Pénibilité du travail et manque de matériels agricoles

En cette matinée du samedi 18 octobre 2025, sous un soleil de plomb, une équipe du groupe Kéranosmédia a fait une immersion dans les rizières du Pakao Kéracounda pour observer et constater de visu la campagne de récolte du riz menée par les femmes du village. Comme à l’accoutumée à pareille époque de l’année, les femmes de toute la contrée du Pakao se retrouvent à longueur de journée dans les rizières pour récolter le riz.
À une centaine de mètres, on aperçoit un premier groupe composé d’une dizaine de femmes, venues ce matin dans la rizière de l’une d’entre elles pour la séance de récolte matinale appelée sormo. Un peu perplexes par notre présence, l’une d’elles nous questionne : « Qu’est-ce que vous êtes venus faire ici ? »

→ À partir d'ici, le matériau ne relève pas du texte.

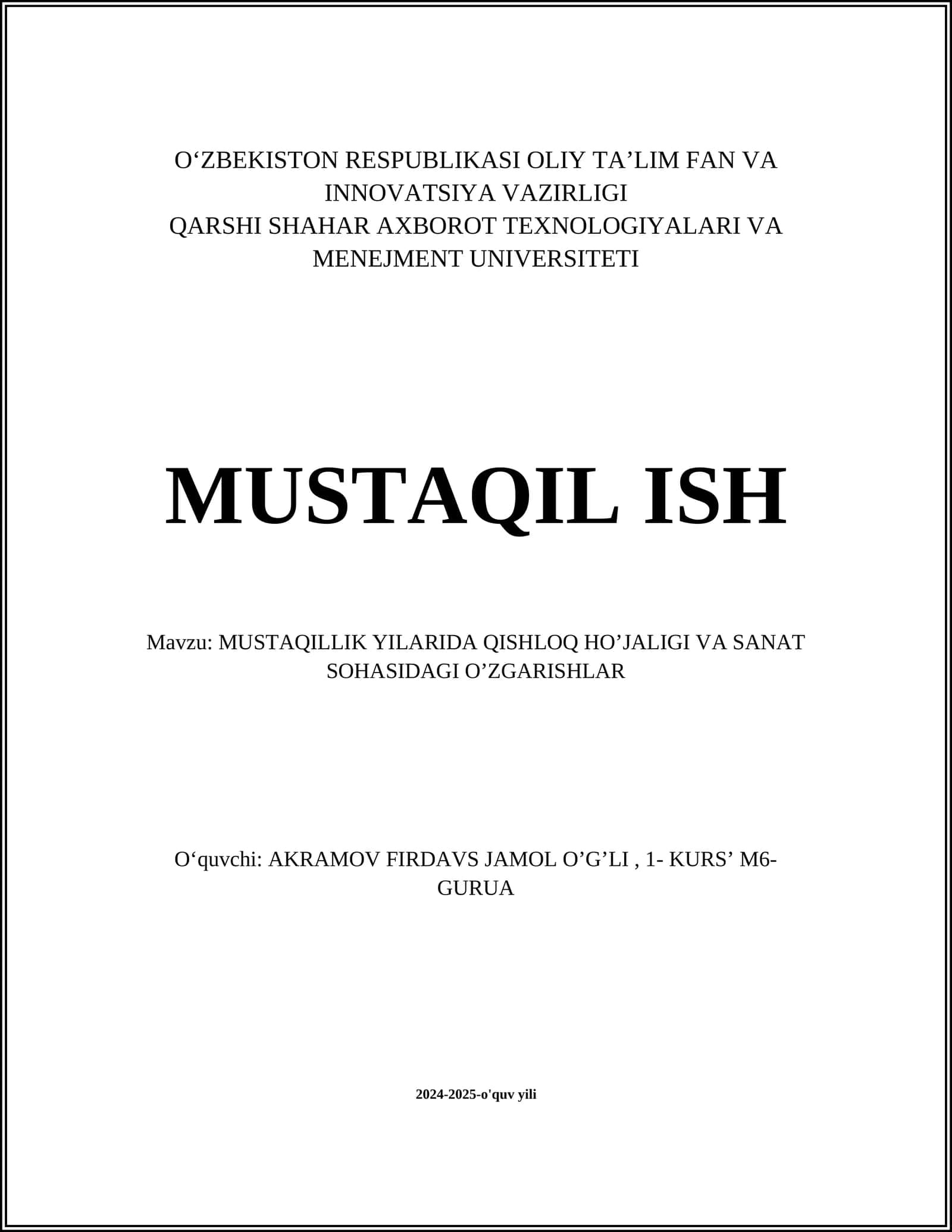MUSTAQILLIK YILARIDA QISHLOQ HO’JALIGI VA SANAT SOHASIDAGI O’ZGARISHLAR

« On est venu pour voir les conditions dans lesquelles vous travaillez », rétorque Monsieur Mamadou Solly. Certaines d’entre elles sont un peu gênées par la présence des caméras. Cependant, après une explication approfondie, Nna Kady Diol Dabo est choisie à l’unanimité pour porter la parole du groupe. Selon elle, « les femmes du Pakao travaillent dans des conditions exécrables. D’abord, les champs sont parfois loin du village, et ensuite tous les travaux se font quasiment à la main », dit-elle. « Certes, parfois les tracteurs viennent, mais ils ne peuvent pas labourer certaines rizières à cause de l’acidité des sols ou des racines d’arbres. Et c’est nous qui sommes obligées de labourer à la main », peste-t-elle.

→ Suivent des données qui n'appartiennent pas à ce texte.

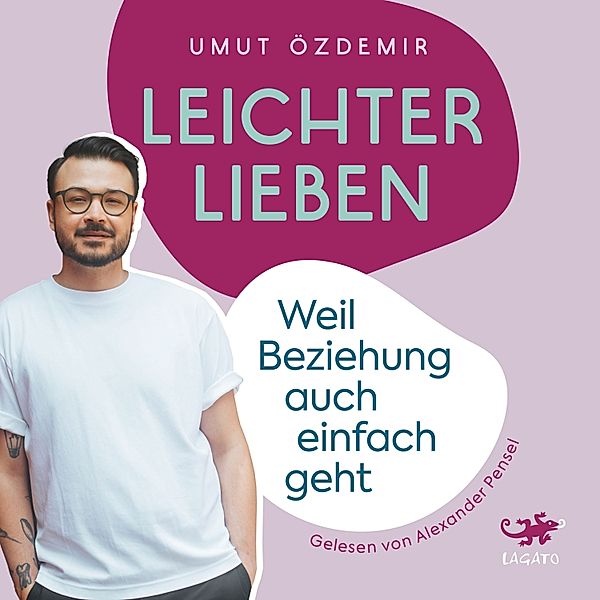 Leichter lieben, Umut C. Özdemir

À quelques encablures de ce premier groupe, se trouve une autre bande de femmes en train de couper les tiges de riz une à une. Quand elles nous aperçoivent, c’est le même regard inquisiteur. Après les salutations d’usage et les explications fournies, Fatou Seydi, appelée affectueusement Fatou Koulaty, et Kady Mané enchaînent : « Nous les femmes travaillons à la sueur de notre front chaque hivernage, du mois de juin au mois de décembre, avec des dabas pour cultiver et des coutelas pour récolter. C’est un travail très difficile, pénible et très épuisant », disent-elles.

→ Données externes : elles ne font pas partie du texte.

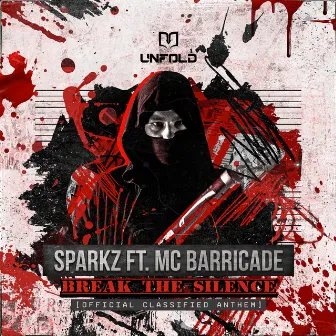 Break The Silence (Official Classified Anthem) by MC Barricade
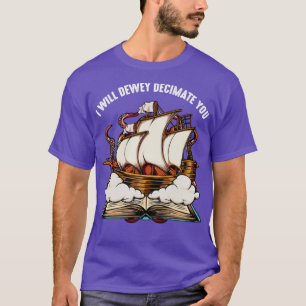 I Will Dewey Decimate You Writer T-Shirt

En arpentant les sillons sableux entre les rizières, on aperçoit à quelques centaines de mètres, un troisième et dernier groupe de femmes, regroupées autour d’un amas de grappes de riz. Interrogée sur les conditions de travail, Kara Solly lance le même cri d’alarme : « Ce travail nous épuise complètement, car nous ne disposons d’aucun matériel moderne pour travailler dans les rizières. Nous faisons tout à la main et avec notre force physique. »
Transport et Stockage

Après avoir passé une demi-journée ou une journée entière à faire la récolte à la main, ces braves femmes rangent les grappes de riz dans des bols et des bassines et les portent sur leurs têtes pour les acheminer à la maison afin de les stocker dans des greniers.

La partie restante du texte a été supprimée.